Black Moon Draw(54)
“Heroes are normal people who do extraordinary things,” she replies. “Not always because they choose to and rarely because they want to. But you know what? When it matters, they take a step they never thought they’d take.”
I’m losing an argument with a dead woman. The thin veneer of denial preventing me from becoming completely submerged in this new world is also dissipating.
“There’s another thing.” I’m grasping at anything to remain afloat. “He’s kind of a mass-murderer. Why would any Hero anywhere find him worth saving?”
“Really? That’s the best you can do? You know why he fights.” She laughs.
“Yes.” I clamp my mouth shut. Deep down, I acknowledge that he hasn’t been the monster I thought he was since he told me what’s at stake.
I’m drowning. Breathing gets harder and my dream ripples as if someone tossed a stone into the middle of it.
“Oh, to activate the medallion, you need to –”
She’s gone, along with the dream and whatever secret she meant to leave me with.
I’m getting sick of learning pieces of the puzzle without being able to see the full picture.
My eyelids open to reveal the stone ceiling of a hold. Or castle. Fortress. Whatever it is. I’m just happy I’m inside. I can’t imagine we’re still at the Red Knight’s, but I also don’t think I was in any shape to be moved. At least I’m neither achy nor hurting when I wake up this time.
“You live.”
Couldn’t give me a moment to myself, could you? I roll my head to see the Shadow Knight and my eyebrows shoot up.
His nose is crooked, one eye black and his cheekbones bruised. Despite this, his rugged, chiseled, masculine features become more compelling every time I see him. From the beard growth along his jaw to the intent way he looks at me to his muscular body, I can’t get over how incredibly good looking this man is.
“In better shape than you,” I reply, unable to resist the dig after he yelled at me on the roof. I sit up. I feel really good, possibly the result of the magical medallion and my natural resiliency to death and dismemberment here.
“You gave your life for me. I will allow your sharp tongue.”
Rolling my eyes, I start to protest.
He thrusts a mug of something at me. I sniff at it. It smells like tea. I shift to drink without spilling and notice I’m not wearing the dress I had on when I fell. I’m in a nightgown again.

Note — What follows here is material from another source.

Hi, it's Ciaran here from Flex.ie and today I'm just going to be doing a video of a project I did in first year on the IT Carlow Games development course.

“Where are my clothes?” I ask a little self-consciously.
“You were in too many pieces to stich it together.”
I lower the mug. “Oh. That sounds horrible.”

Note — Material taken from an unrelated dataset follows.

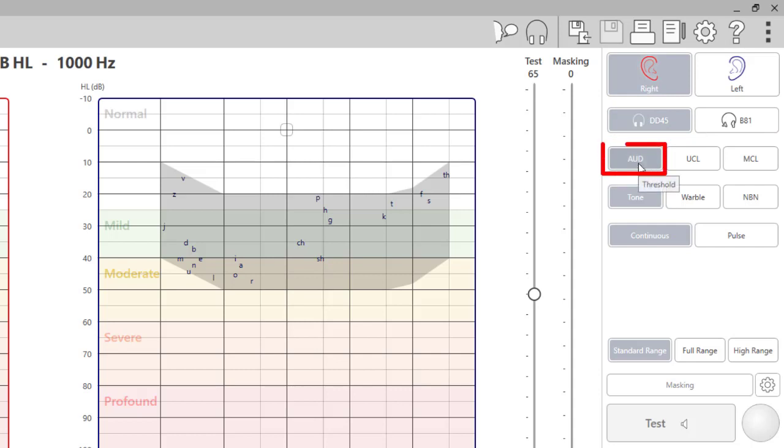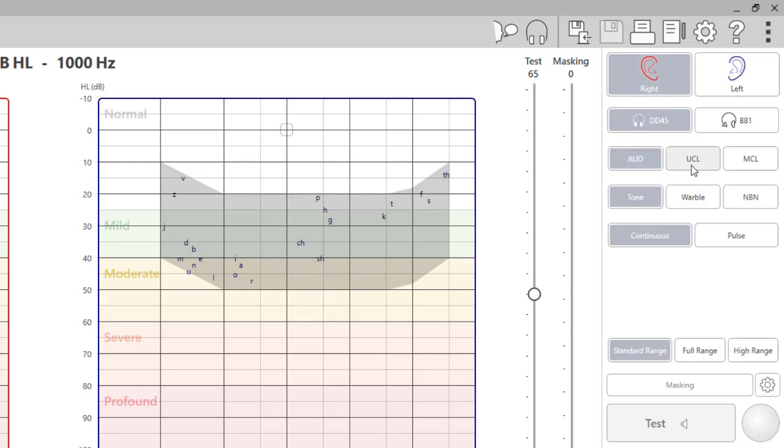Aud is selected for air and bone testing. For testing, MCL and UCL will be selected when performing those tests with tone. Please note, speech MCL and UCL will be completed in the Word Rec tab.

He nods. Accustomed to blood, the Shadow Knight is unconcerned, but I can’t help feeling a little rattled about being dead. His multi-hued eyes are on mine, his thick body clothed in leather pants and a tunic.
I don’t like the way he’s watching me, the way lionesses hunt gazelles on those nature shows on the television.
“Where are your weapons?” I ask, gaze lingering on the outline of his shapely thighs, visible through the snug pants.
“The gaoler did not allow me to keep them.”
“We’re in jail?” The room resembles a bedchamber. Although I notice the room is round, like we’re in some sort of prison tower from a fairytale. “So you didn’t defeat the troll and Knights?”
“I beheaded the troll at great cost. The Red Knight brokered a peace. It was necessary to save your life.” The Shadow Knight’s answer is clipped. “And we are here.”
He’s not telling me something. The instinct that wants me to go home and resume my pitiful, miserable life digs in its heels.
I don’t ask why there’s a flicker of sadness in his pretty eyes, but it takes effort. Diving off a cliff for a man you barely know seems easier than talking to him when he’s looking directly at you like this.
I take a drink of the tea instead, not liking the idea he allowed himself to be taken prisoner instead of . . . I don’t know. Leaving me. Beheading everyone.
“Are all women of your world hairless from the waist down?”
I choke and spew tea everywhere, my face hot. Coughing hard, my eyes water. It takes me a moment to quell the fit, but there’s nothing that will take the heat from my cheeks.
“How do you know that?” I demand, humiliated. “Were you . . . doing things to me when I slept?”
“Aye. Cleaned up the blood. Stitched pieces of you back together. Dressed you.” He’s calm and factual.
I’m speechless.
He points to the corner nearest the bed.
I look, if only because I want to hide my red face. “Oh, god.”
Rags soaked with rusty blood are piled in the corner, knee high and a good two to three feet wide.
That’s my blood. I can assume when I hit the ground that I probably exploded or something but to see evidence of it . . . “How am I alive?”
“You are indestructible.” He stretches forward to grab the mug tilting dangerously from my hands and sets it on a trunk beside the bed. “You should be grateful I cared for your womanly blossoms and not the squire. His hands are not steady enough.”
Could this get any worse? I cover my face. I’ve been naked with men before, of course, but this is him. The man with the sexiest body on the planet, who’s also engaged to someone else, whose hands I’ve already experienced over every inch of my body – and loved it.